Three weeks in and 31,000 words written. The first draft is almost (but not quite) complete. As it's "Extract Friday", here's another chunk. This is the last extract I'll be posting. I have something else lined up for next week.
I was on the last push to get out of the office and pick up Freya from school. I cursed myself for leaving it so late but I was working on spreadsheets and was trying to cram in just a little more data entry. I had to pick up Freya at ten past three. It was five to, and the drive was ten minutes away. But then I remembered that I hadn't got the bloody food. I needed to find something not too nutritionally vacant. I ran onto the shop floor and over to the Italian ready meals aisle, panic-bought a lasagne for two, a bag of salad, and a garlic bread. I also got some apple juice and some ice-cream. My last stop was the toy aisle to pick up a Kyoot Spighdaz Blind Bag, a "collect them all" toy that comes in a foil wrapper meaning you don't know which one you'll get. I knew she loved them. After I paid for everything I retrieved the batteries which I had asked Amy on the tills to run through for me earlier.
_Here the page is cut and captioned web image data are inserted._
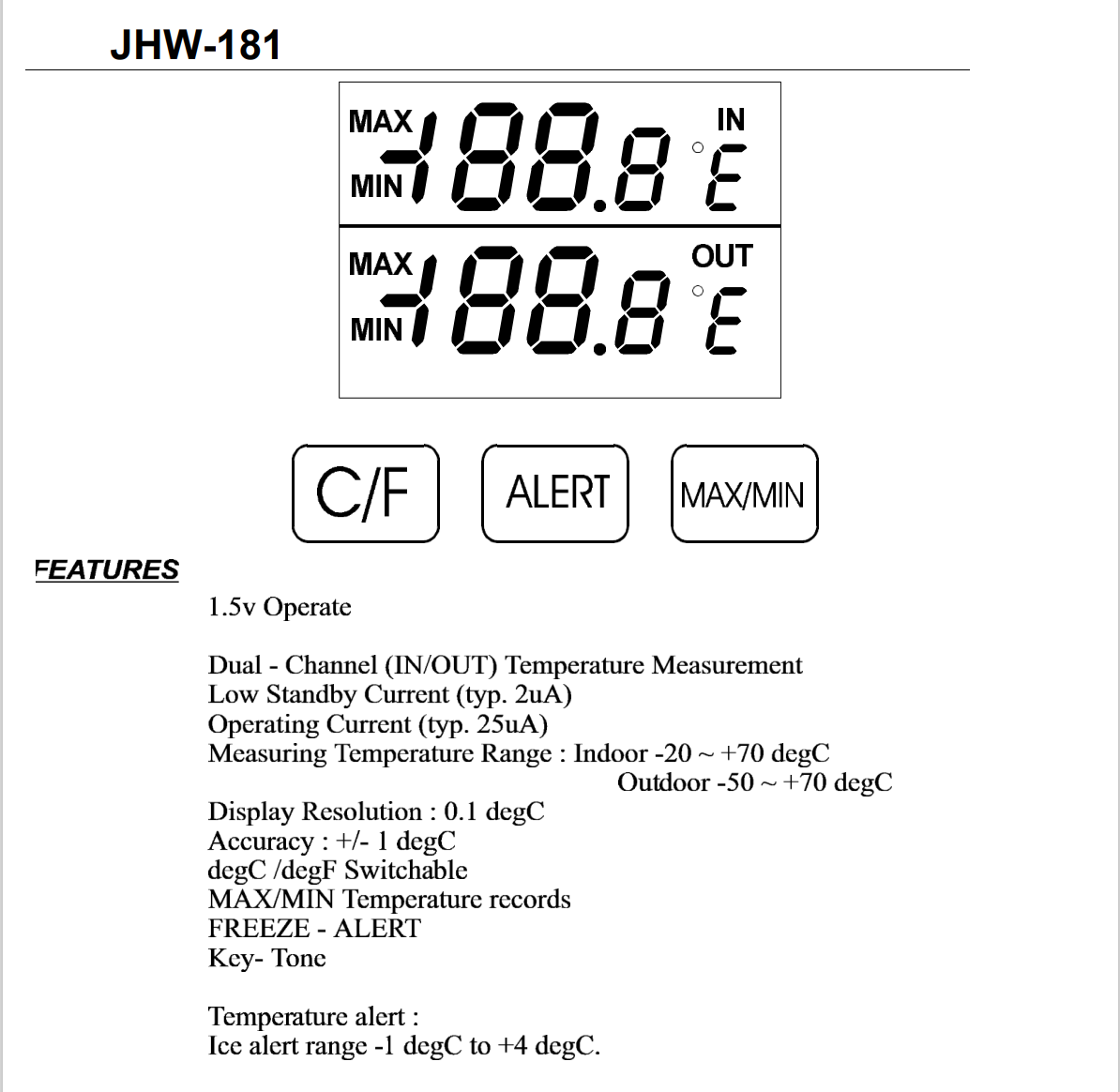供应温度计芯片JHW-782室内外温度 2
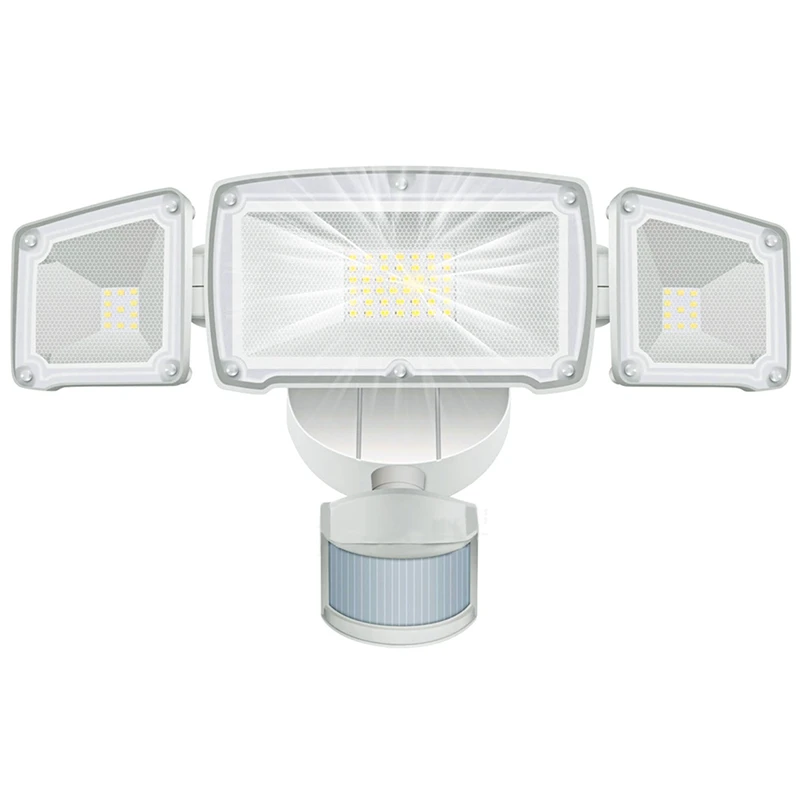 

White Adjustable Security Light With Sport Sensor Motion Detection Flood Light For Garage, Yard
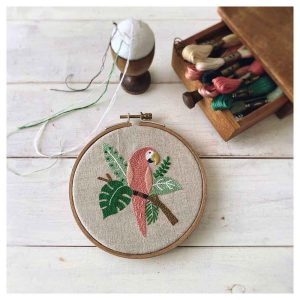 Hand-Embroidered Parrot Nursery Art
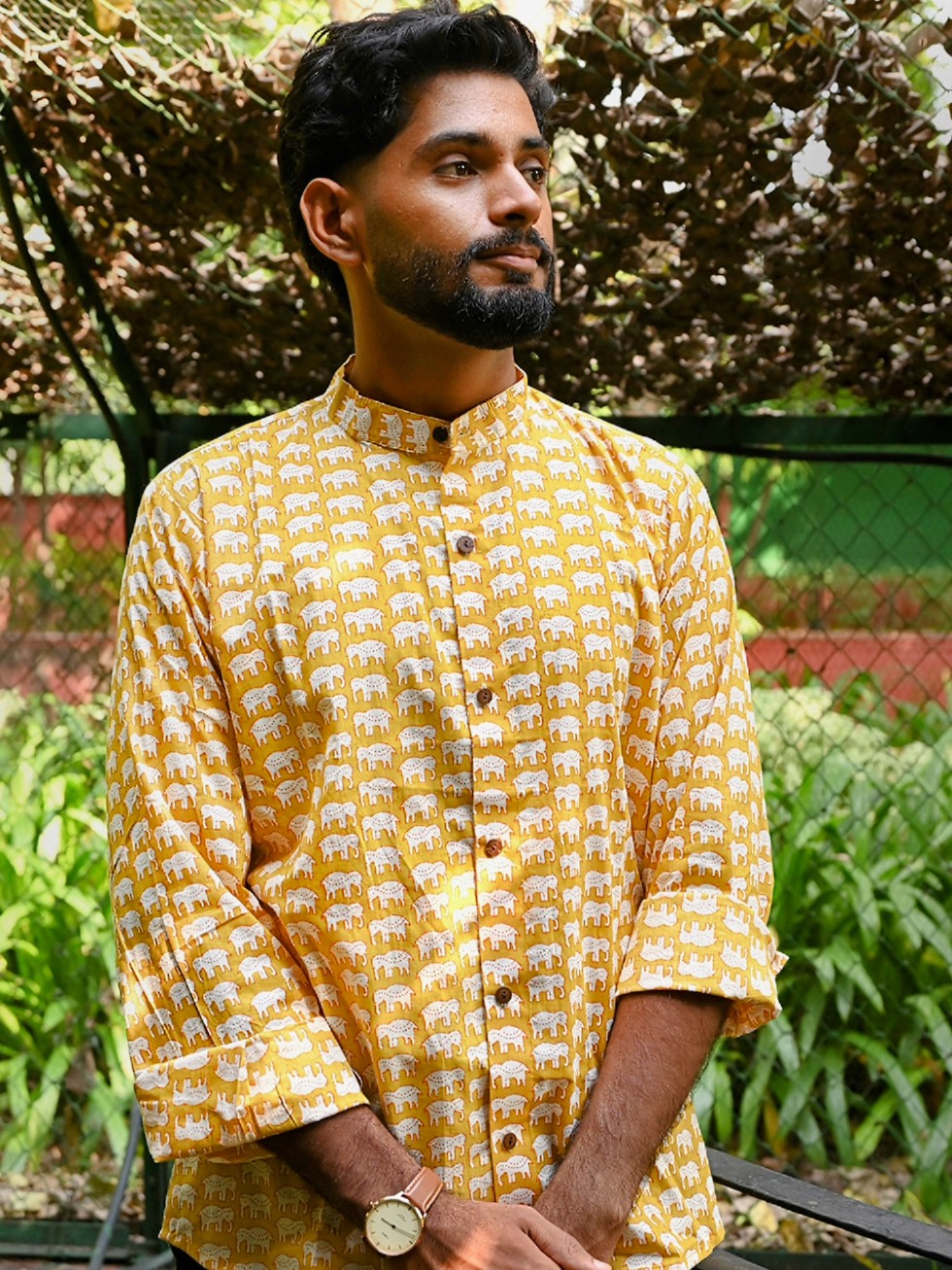Men's Relaxed Fit Cotton Shirt – Full Sleeves - Yellow Elephant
I dropped the shopping onto the back seat of my car, next to Freya's car seat, which she would have to use until she was eleven (or one hundred and forty centimeters as the manual said, whichever came first). As she was only five I had a long time to wait. The sooner we got rid of that car seat the better. I drove as fast as I could through the busy afternoon town, which was only letting me do about ten miles per hour. Half the world appeared to be out running errands, or trying to get from one place to another. There seemed to be quite a few parents like me around, dashing across roads and hurrying back to big tank-like SUVs on the last push to get things done before the school run.
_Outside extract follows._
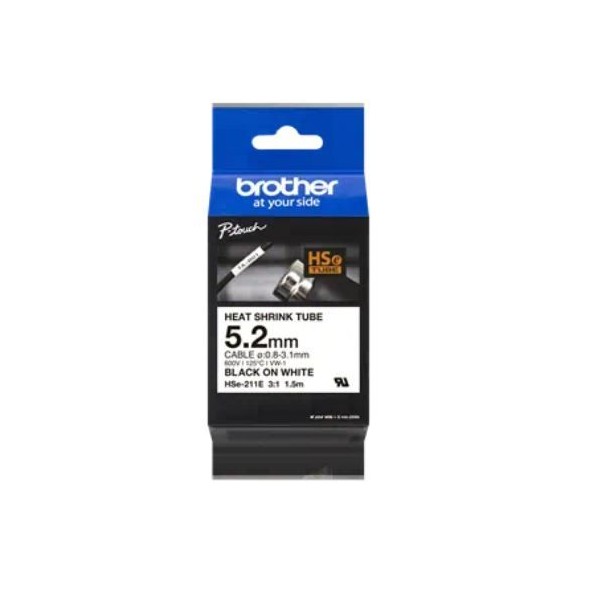 FITA P/ GRAVAÇAO "TERMORETRATIL" BROTHER P-TOUCH HSE211E  5.2MM x 1.5MT TEXTO PRETO / FITA  BRANCO
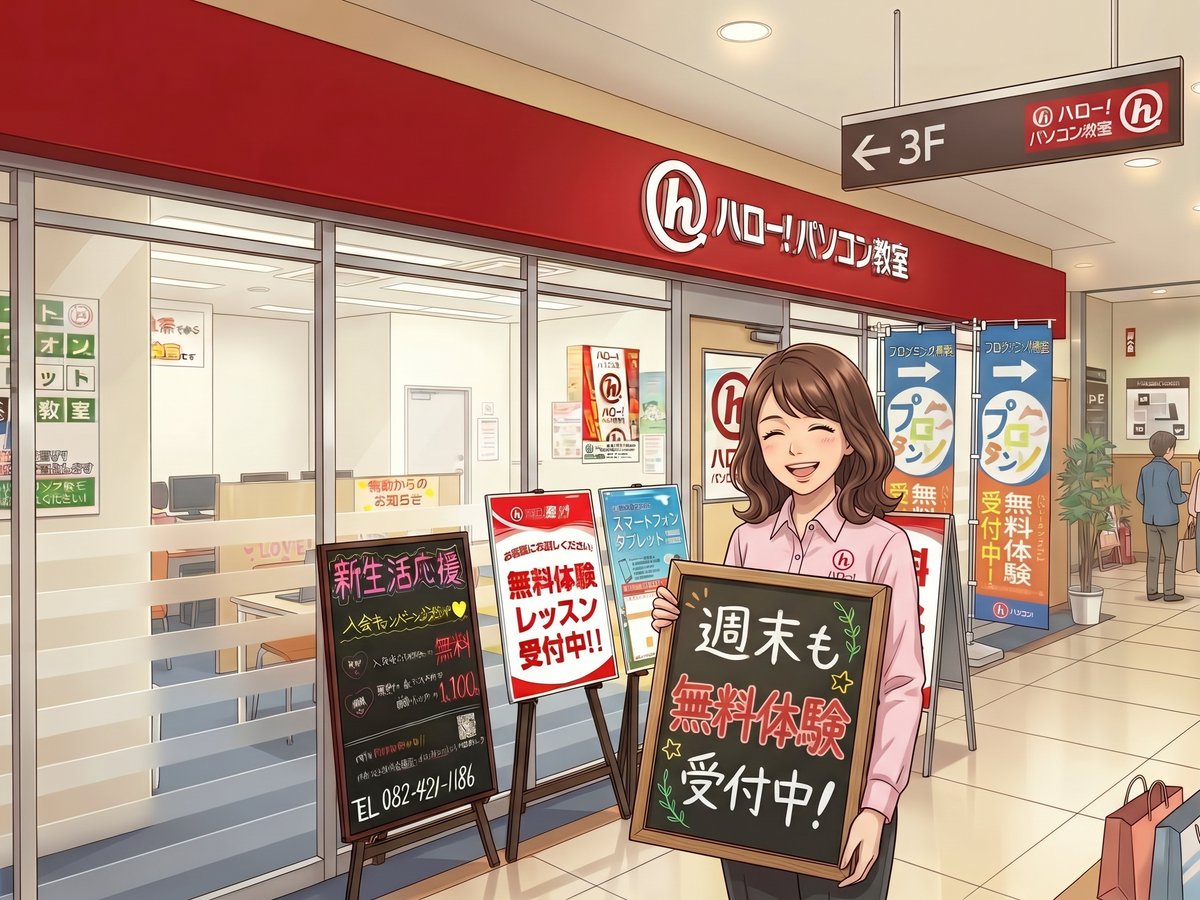 H_H_hello_PC_'s tweet photo. 【週末はお買い物ついでに無料体験へ🛍️】
ゆめタウンでお買い物中にパソコン教室の雰囲気を試してみませんか？
10月限定で【入会金半額＆受講料1,100円】特典実施中✨初心者の方も大歓迎です！お気軽にお越しください😊
#無料体験 #週末習い事 #東広島 https://t.co/xjNrHtGxGW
I couldn't risk being late. Fifteen minutes or so after the designated pick up time, the school starts making phone calls, and inevitably Steph's mobile is the first on the list. Not only would there be the embarrassment of not being there on time to collect your child, who was supposed to be (and was) the most precious thing in your world, but then you had to deal with the fallout from the child itself, crying because she was the last one to be picked up after having suffered the mounting drama of watching the door to the classroom open twenty-five times, only to see that it wasn't them being collected. And if Steph got a call from the school while she was in Geneva on this conference I'd seriously be in the shit.
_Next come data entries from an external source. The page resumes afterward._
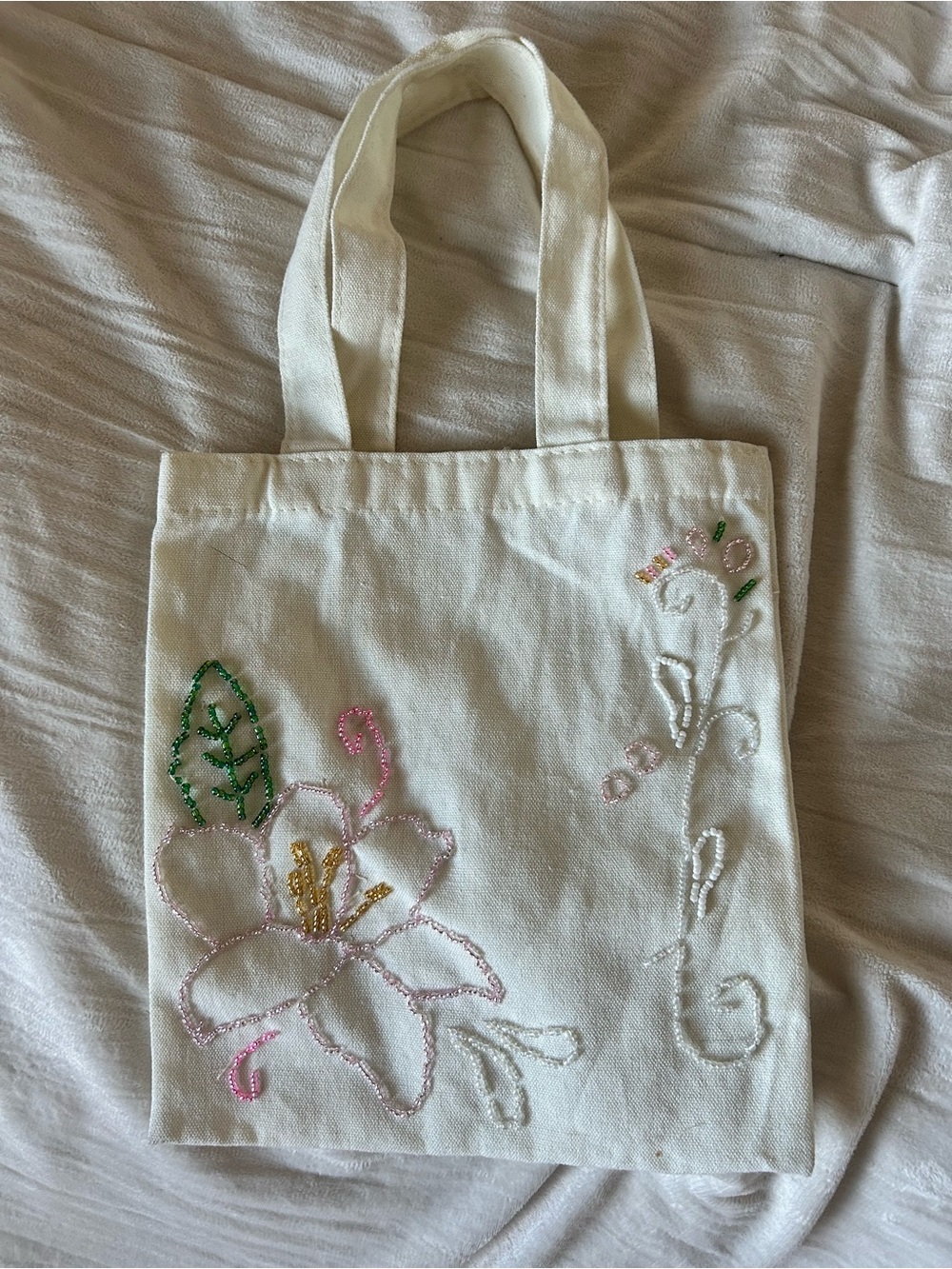 Hand Beaded Floral Mini Tote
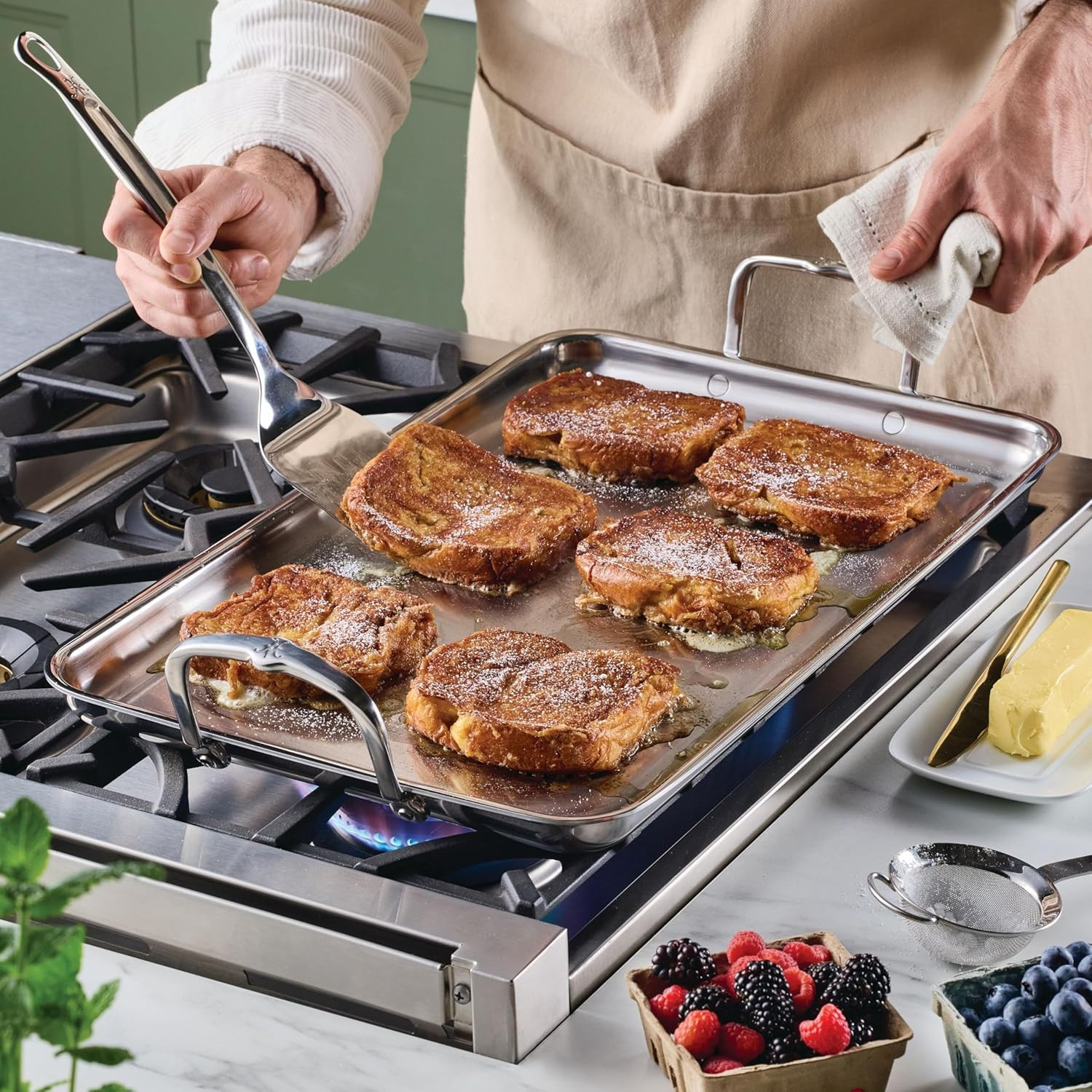 Provisions 21″ Tri-Ply Stainless Steel Double Burner Griddle with Drip Drain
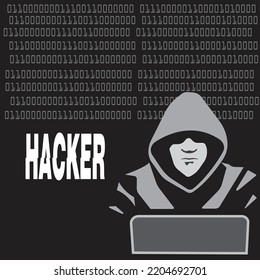 Vector illustration of a hacker man in a black hood sitting at a laptop, a darknet user, a flat design of the Internet interface of the dark Internet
It didn't go as far as a phone call, which was a relief. The worst of it was a grim look from Mrs Hill. Freya ran to me when I appeared at the door. She gave me a huge hug around my legs which made my heart want to escape my chest. When she released me I walked over to her tiny table and loaded myself up with her lunchbox, coat, a painting of a summer scene and her cardigan. I consoled myself with the fact there was one other boy in the classroom waiting to be collected.